Fleans is built on .NET Aspire’s ServiceDefaults, which means every silo (Fleans.Api, Fleans.Web, Fleans.WorkerHost, Fleans.Mcp) ships with the same observability primitives wired in by default: health-check endpoints, OpenTelemetry metrics + traces, and structured logging via the [LoggerMessage] source generator. This page documents what is emitted today and how to consume it.

Out of the box, every silo exposes:

  • HTTP probes at /health (readiness — runs all registered health checks) and /alive (liveness — only checks tagged live). Both endpoints are anonymous so probes work even when JWT/OIDC auth is enabled.
  • OpenTelemetry metrics from the Microsoft.Orleans and Fleans meters plus the standard ASP.NET Core, HttpClient, and .NET runtime instrumentation.
  • OpenTelemetry traces from the Microsoft.Orleans.Runtime, Microsoft.Orleans.Application, and Fleans activity sources, plus ASP.NET Core and HttpClient.
  • Structured logs with workflow-aware scopes (workflow id, process definition, instance id) generated via [LoggerMessage].

Wiring lives in Fleans.ServiceDefaults/Extensions.csConfigureOpenTelemetry, AddDefaultHealthChecks, and MapDefaultEndpoints. The Fleans-defined Meter and ActivitySource themselves live in Fleans.Application/Observability/FleansDiagnostics.cs and are registered by name (no project reference required).

Meter name: Fleans (instrumentation version 1.0.0).

MetricKindUnitDescriptionAttributes
fleans.workflow.startedCounter{instances}Workflow instances started.none
fleans.workflow.terminatedCounter{instances}Workflow instances that reached a terminal state.result={completed,cancelled}
fleans.activity.durationHistogrammsPer-activity wall-clock duration. Explicit buckets: [10, 50, 100, 250, 500, 1000, 5000, 10000, 30000, 60000, 300000, 600000] ms — sub-millisecond script tasks through 10-minute REST calls.activity.type

Deferred to a follow-up: fleans.workflow.active (a non-terminal-count gauge) requires engine-side cooperation to seed from persistence at silo startup so the count survives silo restarts. It is intentionally not shipped in this initial Meter to avoid a known-broken metric. Track via the Fleans GitHub project.

Best-effort caveat (fleans.activity.duration). Start times are kept per-grain in memory. If a silo restarts mid-workflow, in-flight activities whose ActivitySpawned event landed before the restart will not record a duration on completion. The counters above are unaffected — they emit on the journaled event, not in-memory timing.

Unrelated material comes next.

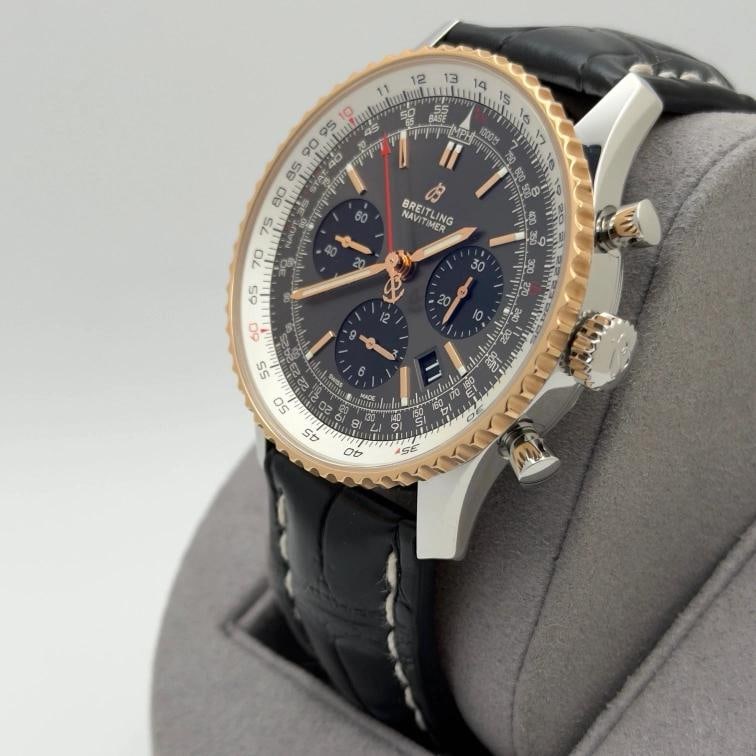 Breitling Navitimer B01 UB0121 43mm Gray Dial 18k Rose Gold Stainless Steel - 5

Activity source Fleans (tracing). Declared and registered today; dedicated per-event spans (timer fired, message correlated, compensation walk advanced, custom task plugin executed) are a follow-up — plugin authors can already attach spans to FleansDiagnostics.ActivitySource from their own handlers.

- alert: FleansWorkflowFailureSpike
expr: rate(fleans_workflow_terminated_total{result="cancelled"}[5m]) > 0.5
for: 5m
- alert: FleansActivityP99Slow
expr: histogram_quantile(0.99, rate(fleans_activity_duration_bucket[5m])) > 30000
for: 10m

Two endpoints are mapped by MapDefaultEndpoints:

EndpointPurposeProbe semantics
GET /healthReadiness — should this silo receive traffic?Runs every registered health check.
GET /aliveLiveness — is the process responsive at all?Runs only checks tagged live.

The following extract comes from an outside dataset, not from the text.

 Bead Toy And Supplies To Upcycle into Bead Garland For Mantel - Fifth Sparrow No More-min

Today only a single check named self is registered (added in AddDefaultHealthChecks). It is a placeholder that always returns Healthy() as long as the silo’s DI graph is up and the HTTP pipeline is responding. Concretely, this means:

  • /alive is a true liveness probe — if the process is alive enough to answer, it returns 200.
  • /health returns 200 as soon as the host has finished Build() — it does not yet verify Redis reachability, Postgres reachability, Orleans cluster membership, or stream provider health.

A follow-up issue tracks adding real readiness checks for the persistence database, Redis (clustering / streaming), Kafka brokers (when enabled), and Orleans silo membership state. Until then, treat /health as “process started” rather than “fully ready”.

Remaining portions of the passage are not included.